Минна берёт из рук Мамы шляпку и вприпрыжку бежит вниз по лестнице, проворная, как белая козочка. Она переполнена счастливой неблагодарностью, что так украшает избалованных детей, и нюхает на ходу платочек, куда Мама капнула чуточку лимонной вербены…

Курсы мадемуазель Суэ – заведение вполне серьёзное. Спросите у любой матери, что приводит сюда дочь, и она ответит вам: «В Париже нет ничего более модного!» И вам тут же назовут имена сестёр С., малышек 3., единственной дочери банкира О. Вам расскажут о превосходной системе вентиляции, о паровом отоплений, о машинах, ожидающих у ворот, – не было примеров, чтобы какая-нибудь мамаша, ослеплённая этим царством гигиены, поражённая этими знаменитыми звучными именами, осмелилась бы сунуть нос в учебную программу или, тем более, подвергнуть её критике.

Каждое утро Минна, либо в сопровождении Мамы, либо под присмотром Селени, шествует вдоль старинных укреплений к бульвару Мальзерб, где располагается резиденция мадемуазель Суэ.
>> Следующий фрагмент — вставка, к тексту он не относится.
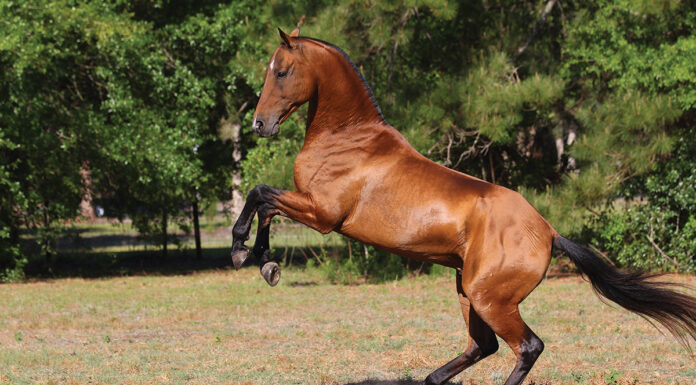 A rearing Akhal-Teke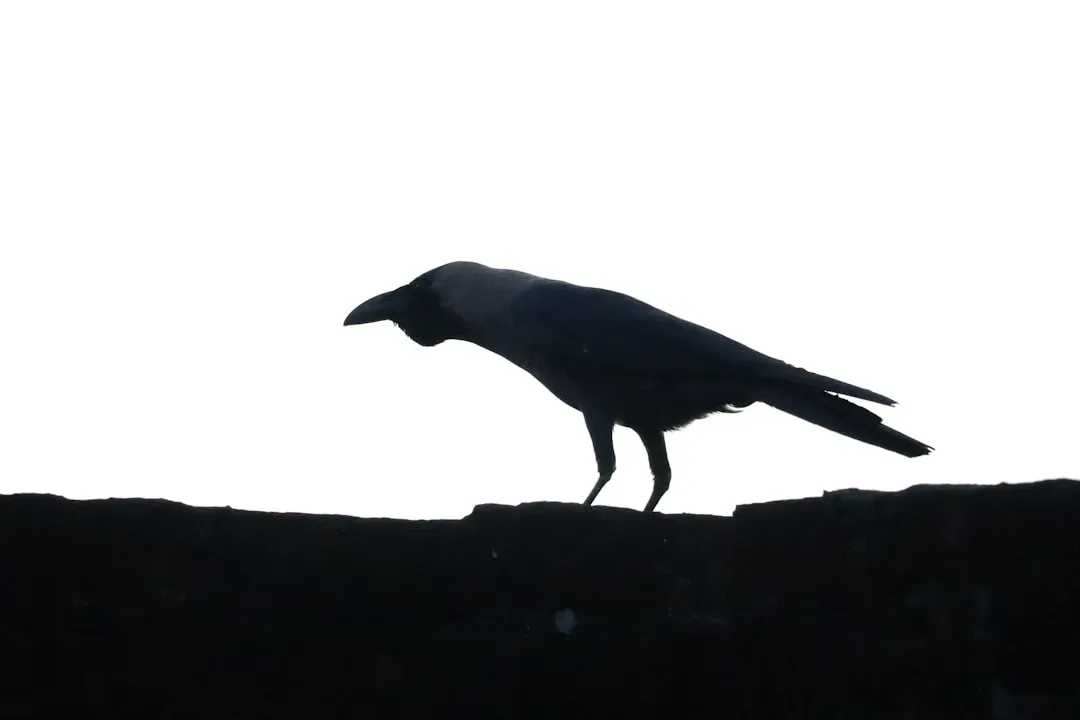 You're Learning To Navigate Between Light And Shadow (Image Credits: Unsplash)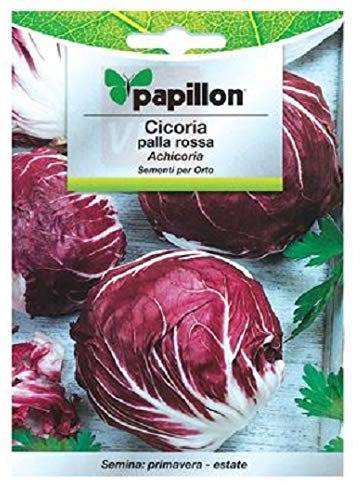 SEMENTI SEMI CICORIA PALLA ROSSO(ACHICORIA)7 GR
Прямая и серьёзная, в дорогих перчатках и с сафьяновым портфельчиком под мышкой, она приветствует взглядом зелёную провинциальную улицу Гурго, лаской – собак и детей художника Толова, которые по-хозяйски прогуливаются в этом пустынном месте.

Минна хорошо знает белокурых детей, вольных маленьких пиратов Севера, говорящих между собой на гортанном норвежском языке… «Одни, без бонны, вдоль укреплений! Но они слишком маленькие и умеют только играть… Они не интересуются интересными вещами…»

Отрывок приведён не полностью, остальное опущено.